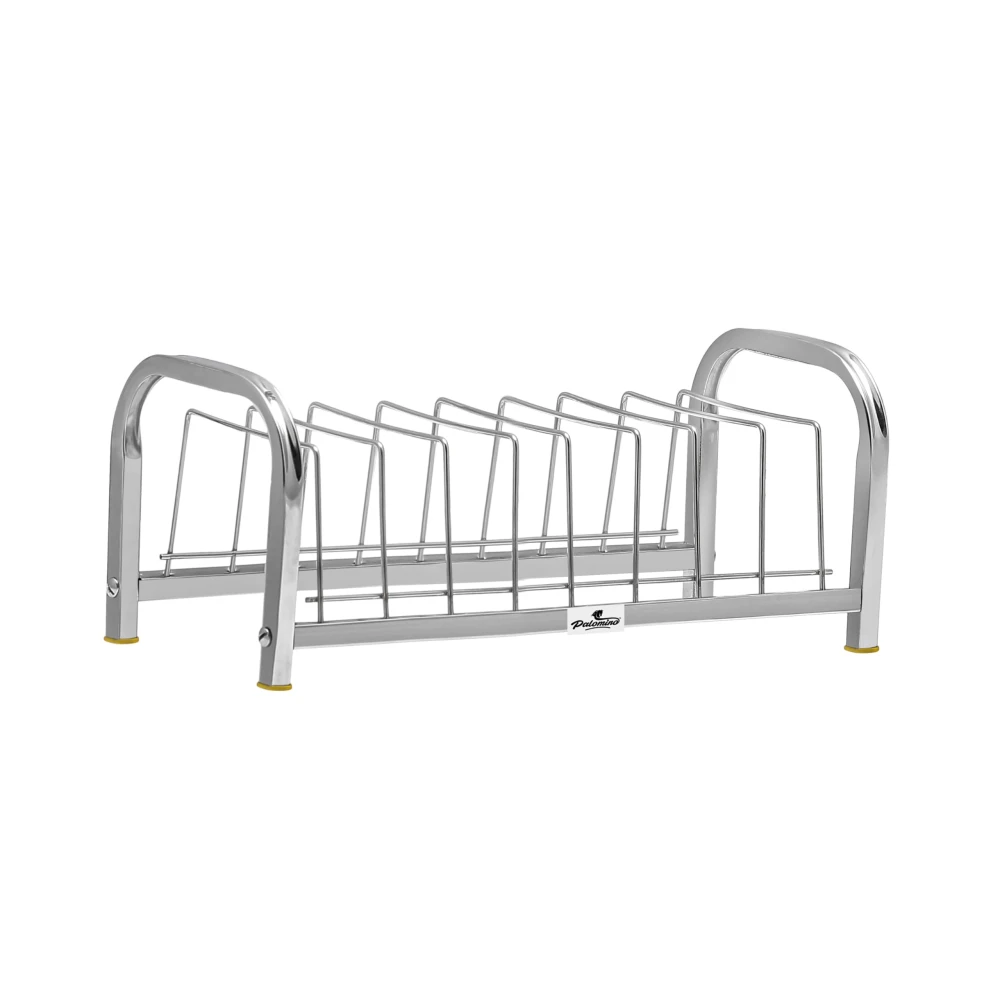 Homify Stainless Steel Dish Rack – 6-Plate Chrome Plated Plate Stand/Utensil Rack for Kitchen – Durable & Rust-Resistant Plate Organizer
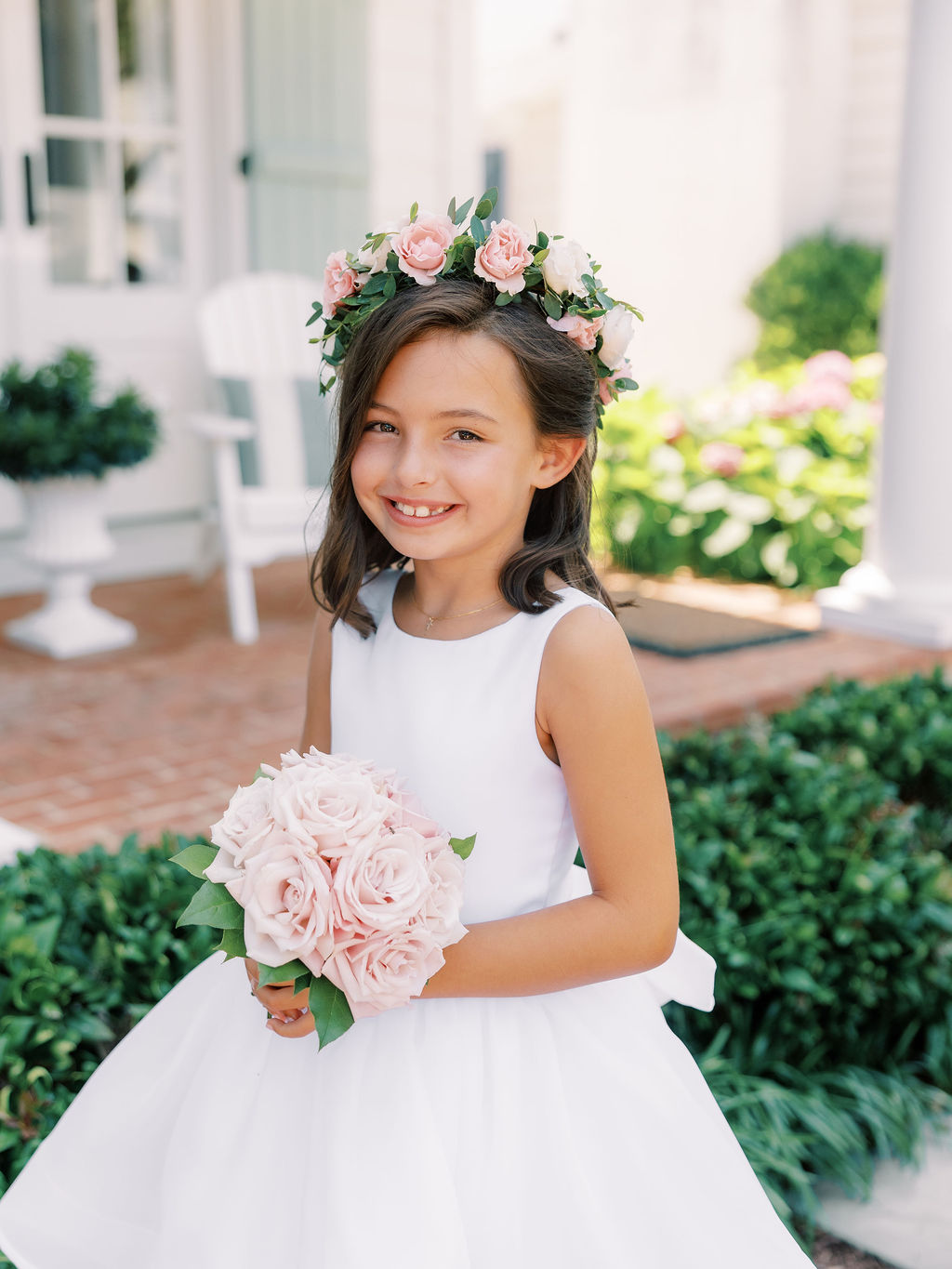 flower girl with rose crown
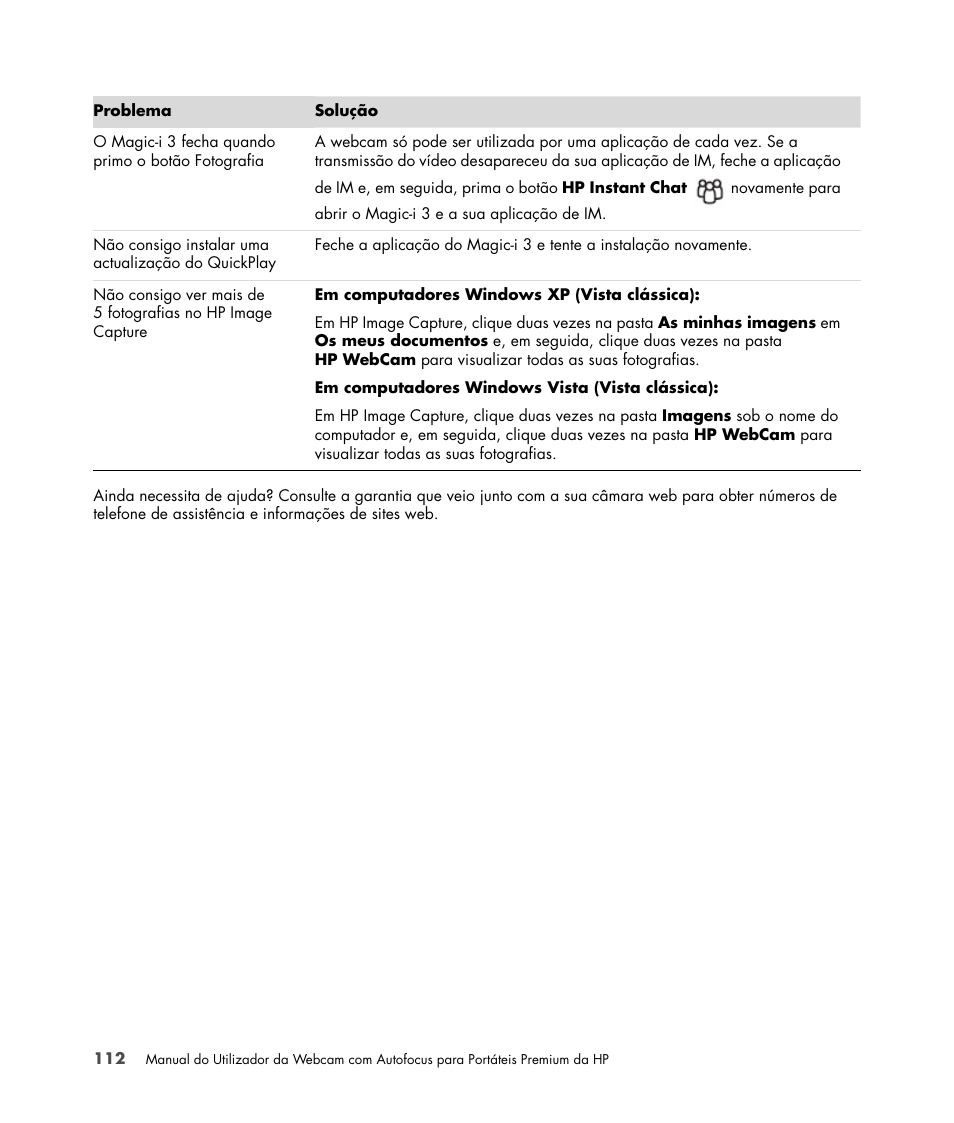 HP 2-Megapixel Autofocus Webcam User Manual | Page 114 / 241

○ ○ ○

# What is needed
Leaving out only the pictures, return the material above unchanged.

# Answer to the exercise
 Homify Stainless Steel Dish Rack – 6-Plate Chrome Plated Plate Stand/Utensil Rack for Kitchen – Durable & Rust-Resistant Plate Organizer
 flower girl with rose crown
 HP 2-Megapixel Autofocus Webcam User Manual | Page 114 / 241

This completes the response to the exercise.